| When i was planing somthing like a search engine running
on my pc some years ago, i did somthing similar to a
website-copier, but of course not as good as httrack. But
i think it would be easy to let httrack become something
like a search-engine:
Let the user type some expression (a word or something
more complex like a boolean phrase or so). When recieving
a html-file, it will only be saved and processed if it
fits the expression. It would avoid downloading pages that
don't mach the the thing the user is interested in (e.g.:
a page about dogs might be linked to many other dog-pages
but also to another page about cats, but the surfing dog-
owner doesn't like cats...).
When definig a high value for the external link depth (so
that the whole web will be searched) and forbidding
internal links (so that only the main-page or index-page
will be downloaded) httrack would become a personal web
search engine.
If you think this is easy to do and usefull, think about
this, which is pherhaps more difficult: There may be pages
that do not actually contain the word typed in by the
user, but contain links to other pages that do.
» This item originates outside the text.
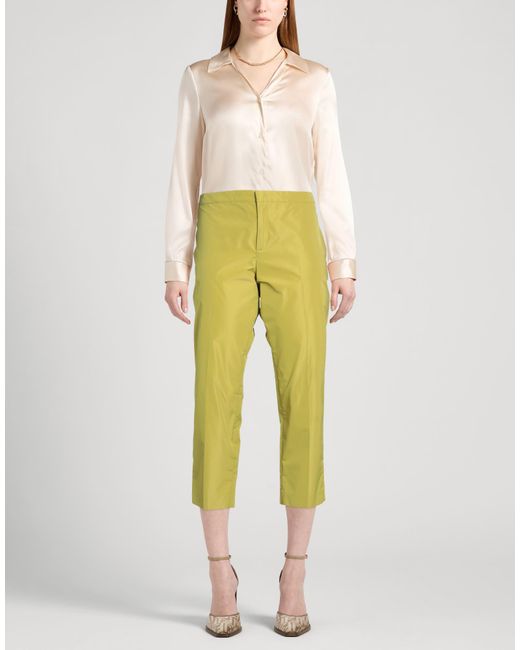 Emilio Pucci Yellow Pants Polyester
Such pages
should be processed but not be saved.
And again ANOTHER suggestion:
There should be an option that the user can chose which
makes httrack convert internet-links ( = links to files
that are not stored locally) to plain text so the user
won't click it. Or inserting some very small symbol before
the link or after the link which tells him: "Warning, it's
not stored on your disk!". Making the link itlic with the
<i></i> code would also be good.
Ps:
It's a cool thing that there are freeware- and open-source-
programmers out there. I don't want to imagine the
computer-world without them! | |